- _REQUIREMENT_
Give the lines again exactly as they appear below, from the line with "June, 2023 Framed" to the line with "Tongkol jagung/Janggel/Bonggol Jagung Kering", both included, and only those lines. Leave every picture out.

- _DATA EXCERPTS_
━━━
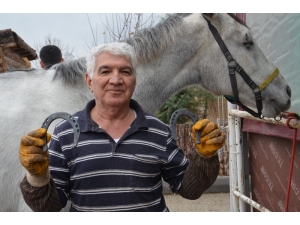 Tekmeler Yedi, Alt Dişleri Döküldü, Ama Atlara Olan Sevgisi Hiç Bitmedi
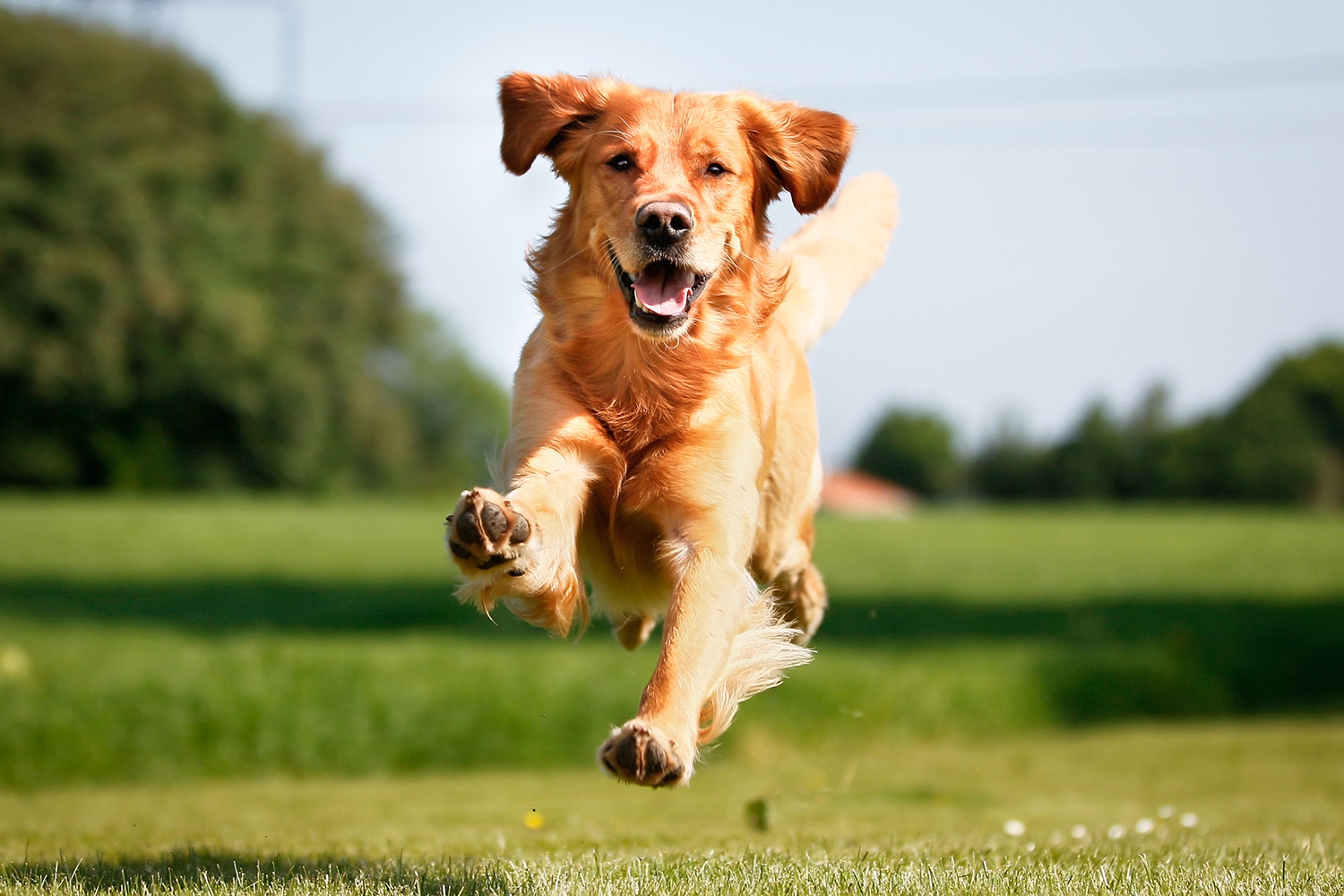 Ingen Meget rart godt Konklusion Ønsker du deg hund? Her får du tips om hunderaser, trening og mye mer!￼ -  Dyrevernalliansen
━━━
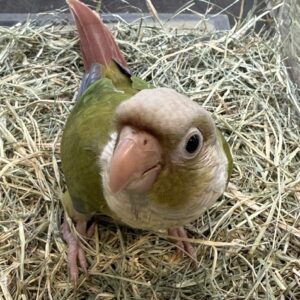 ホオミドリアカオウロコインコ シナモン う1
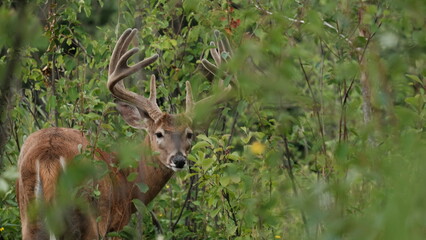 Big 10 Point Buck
━━━
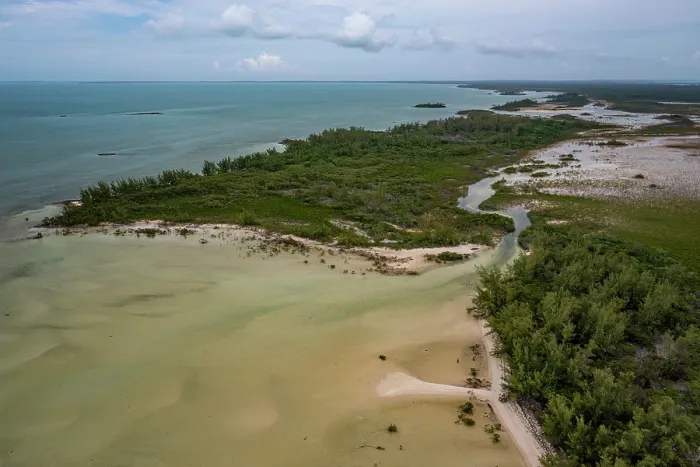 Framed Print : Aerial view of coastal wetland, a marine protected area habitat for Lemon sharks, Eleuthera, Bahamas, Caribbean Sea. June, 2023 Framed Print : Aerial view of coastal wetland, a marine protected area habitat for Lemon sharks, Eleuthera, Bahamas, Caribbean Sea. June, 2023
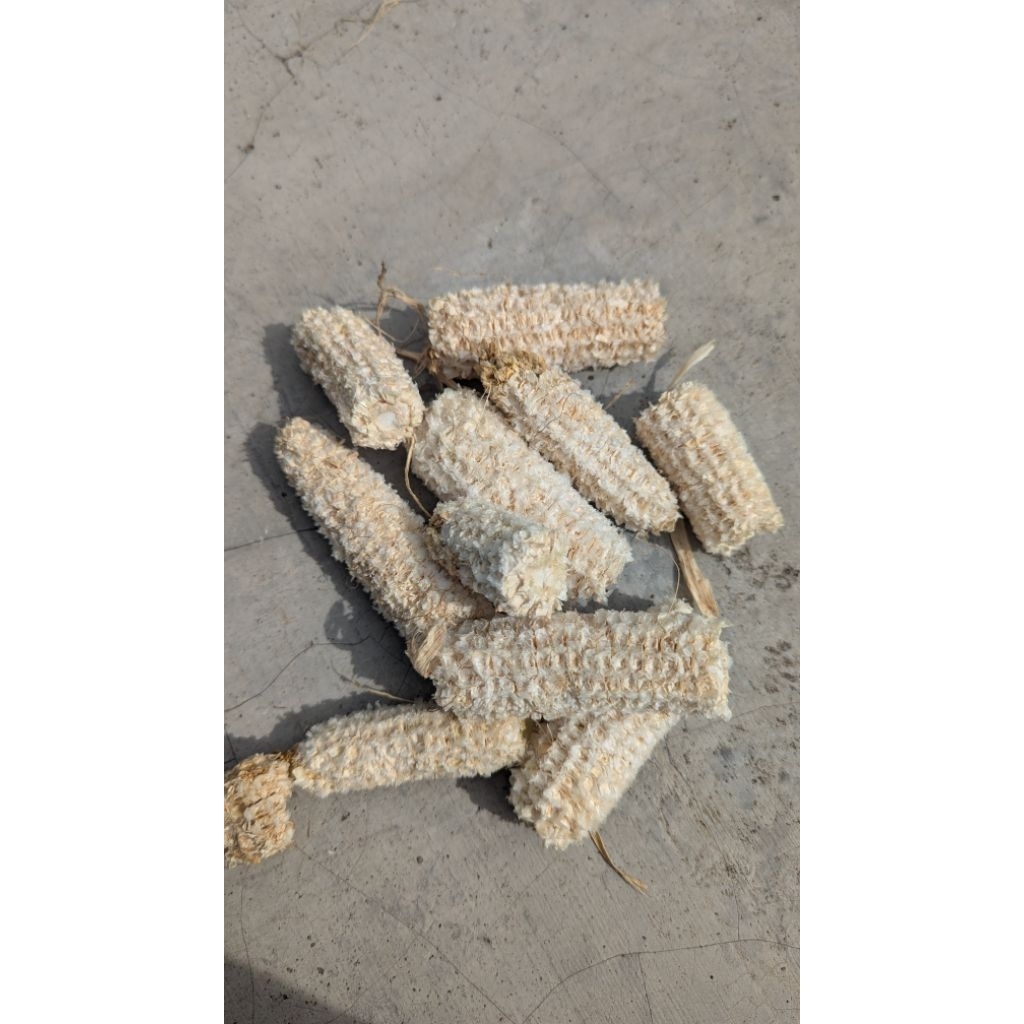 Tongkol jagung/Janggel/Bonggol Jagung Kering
━━━
- _ANSWER TO THIS TASK_
 Framed Print : Aerial view of coastal wetland, a marine protected area habitat for Lemon sharks, Eleuthera, Bahamas, Caribbean Sea. June, 2023 Framed Print : Aerial view of coastal wetland, a marine protected area habitat for Lemon sharks, Eleuthera, Bahamas, Caribbean Sea. June, 2023
 Tongkol jagung/Janggel/Bonggol Jagung Kering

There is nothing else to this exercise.